Serve a Cuba que tem a possibilidade de empregar profissionais formados em suas
faculdades de medicina, obtendo uma remuneração adequada para os padrões daquele
país. E serve ao Brasil que consegue oferecer serviços de saúde a populações
abandonadas pelo poder público. Não há qualquer razão plausível para romper
esse acordo, benéfico a ambas as partes.
28 milhões de
brasileiros serão prejudicados pela decisão da saída dos médicos. São pessoas
simples de comunidades afastadas que sentirão saudades dos cubanos. Não sabem onde fica o Caribe e não entendem
nada de política. Talvez comecem a pensar a respeito.
O nosso Trump
tupiniquim parece nutrir um ódio irracional por tudo o que provenha de Cuba, a
exemplo do irascível mandatário norte-americano que venera. Talvez pudesse concretizar
outro devaneio do seu ídolo ianque e construir também um muro na fronteira com
a Venezuela. Ou, melhor ainda, pelos 16 mil km de fronteira terrestre,
impedindo assim a entrada de drogas, armas, cigarros e comunismo.

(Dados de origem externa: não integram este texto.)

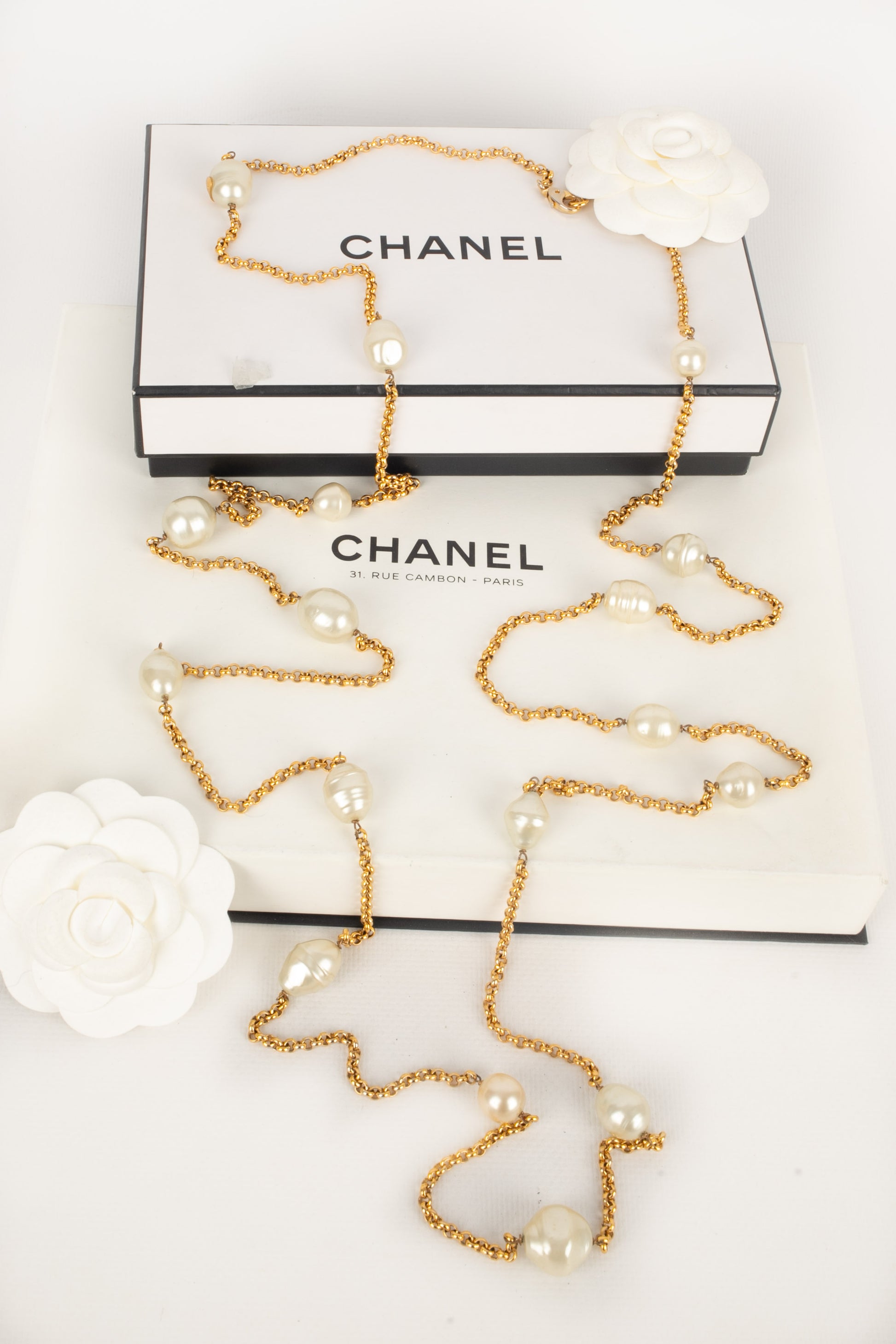 Collier de perles Chanel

Dotado de um
complexo de superioridade em relação a nossos parceiros latino-americanos, e
preocupado em macaquear a postura isolacionista do presidente americano (cujo
interesse pelo Brasil e qualquer território abaixo do Texas, é zero), parece extasiado
em cortar os laços históricos com nossos vizinhos hermanos.
Talvez fizesse
melhor se, ao invés de provocar a saída de humildes profissionais que estão exercendo
uma relevante função social, empenhasse-se em nos livrar dos nobres políticos e
juízes cuja ausência ninguém iria notar, a não ser pela melhora na situação das
contas públicas.
Somos vítimas
de uma incurável epidemia de insensatez. Deve haver realmente algo muito doente
nesse país miserável que assiste impotente à evasão de milhares de cérebros
privilegiados em busca de melhores condições de trabalho no exterior, enquanto
abre mão dos serviços de mais de 8 mil médicos.